I have been taking stock of my life lately. I don't know if it this New Hampshire winter, the six-foot-tall snow banks in front of the cottage, and the my general state of inactivity, but things just seem a bit daunting. Whereas my existential funk had a certain cache when I was in college, today it seem less interesting and more sad.
In the movie The Weatherman, Nicholas Cage's character says, "All of the people I could be, they got fewer and fewer until finally they got reduced to only one -- and that's who I am. The weather man." I wish I would have said those words, aside from the weatherman part. I could say that the idea of being an astronaut slowly faded away, as did the ideas of being a lawyer, a race car driver, a marathon runner, and a member of a think tank. All that's left is me, right now, at this moment, here at my computer, looking out at the snow banks and hoping for the spring.

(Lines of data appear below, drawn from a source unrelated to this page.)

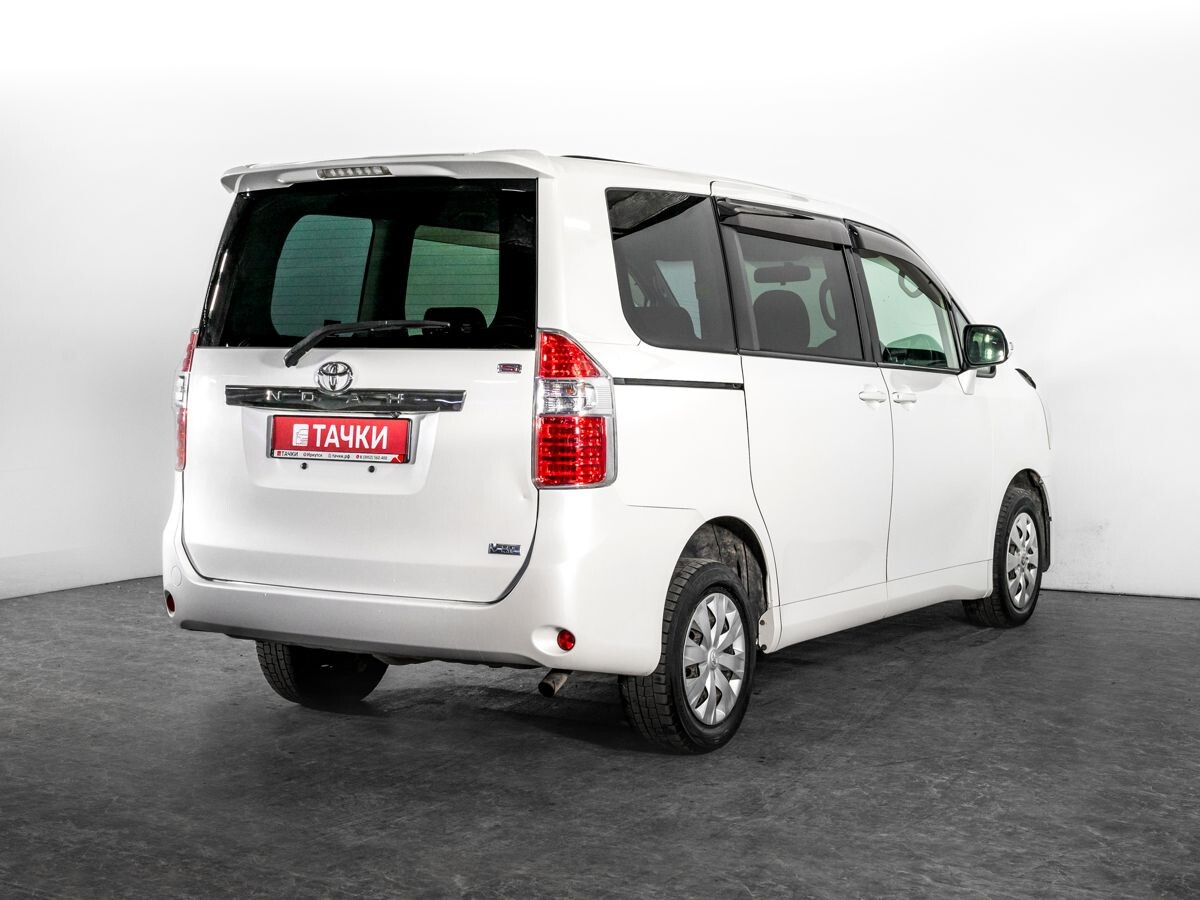 Toyota Noah 2009 - фото автомобиля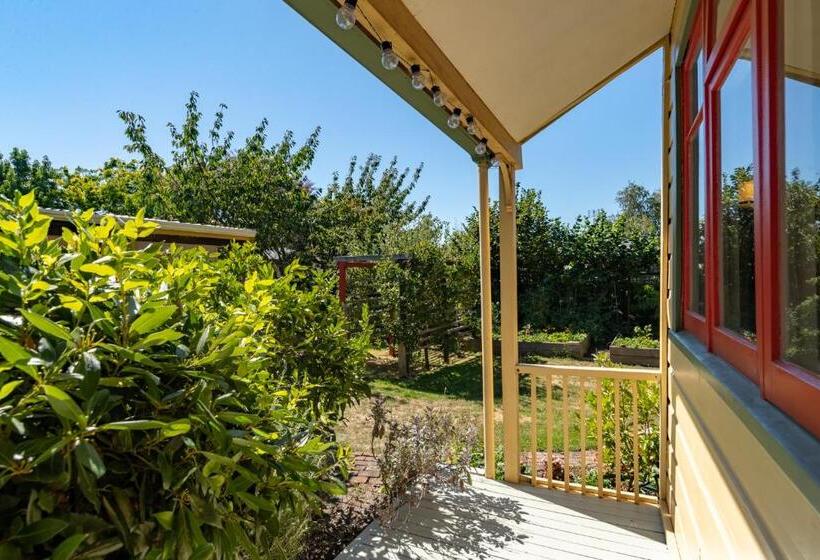 Номер Deluxe Кровать Кинг, Shy Cottage And Studio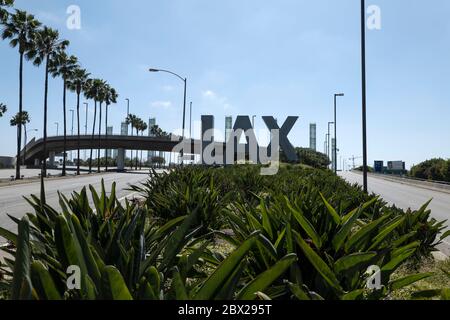 Los Angeles, CA/USA - 24 mai 2020 : la direction mondiale de l'aéroport international de Los Angeles est désertée le week-end du Memorial Day en raison de la COVID Banque D'Images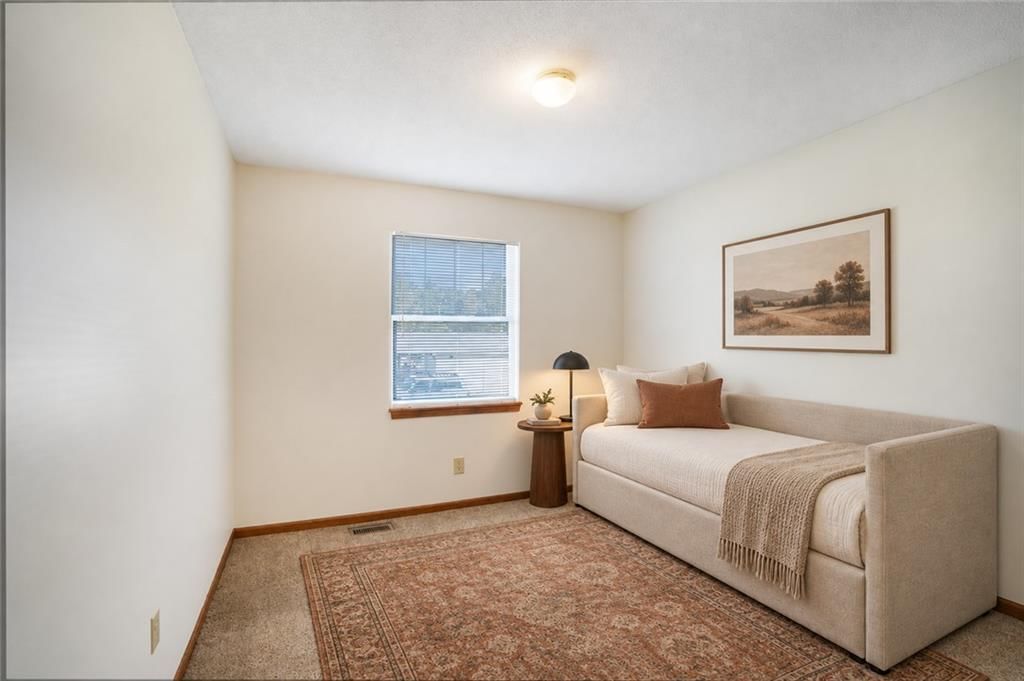 Photo 10 of 30 - 5511 NE 50th Street, Kansas City, MO 64119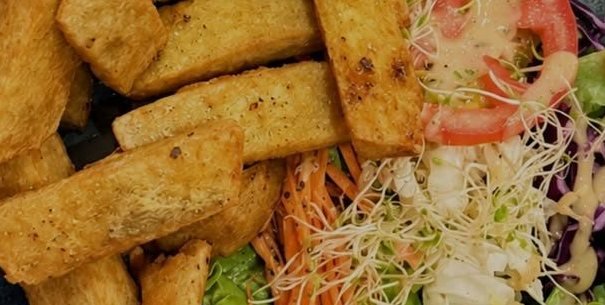 Frites de taro dorées et salade mixte servies avec le rosbeef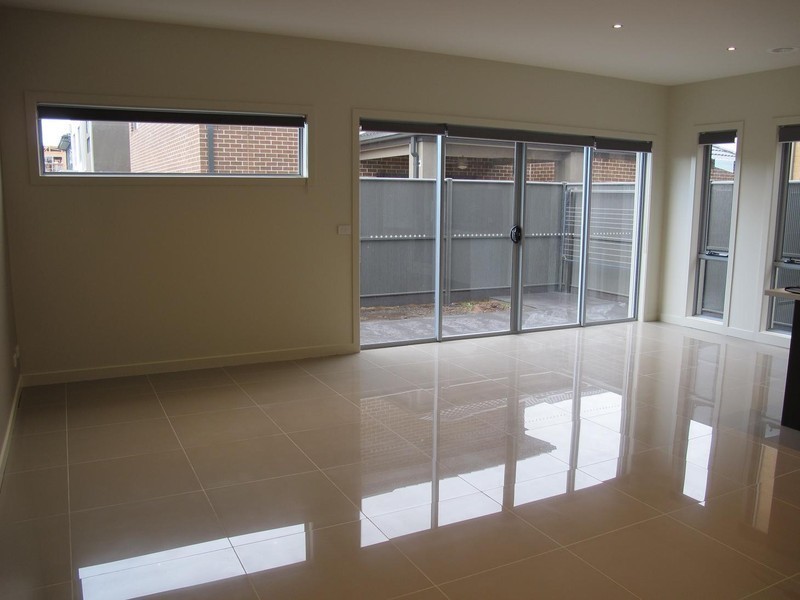 14 Marine Parade, Caroline Springs VIC 3023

This is not to say that my life is in a bad position. It certainly isn't. I have a whole lot to be thankful for. Yet, I feel that there is a whole lot behind me now, a whole lot that has faded in the rearview mirror. And I feel like some of those images that slowly fade away are very important images: the tree on top of El Cap, dimly lit from my headlamp, the knobs on Lotus Flower Tower, the way my mom and my sister look when they are laughing in the kitchen of our house in Wisconsin, my walk from Siurana, through the Spanish countryside, to pick up groceries four miles away. These are the big moments.
I often think that I am defined by the big moments--those moments of exaltation and success. It is more likely, however, that I'm defined my those innumerable times that offer no big moment for remembering. Like yesterday. What did I do yesterday? Nothing really; I just went through my normal routine. Who is to say that the thousands of yesterdays don't equal a significant sum that is applied to my current existential bank account? Who is to say that the day I topped out El Cap represents more capitol than those thousands of forgettable days? The yesterdays of my life. Maybe the yesterdays define me more, make me who I am now. Maybe I have no choice but to be me, at this moment, sitting at my computer and looking at, though not really seeing, the snow banks in front of the cottage.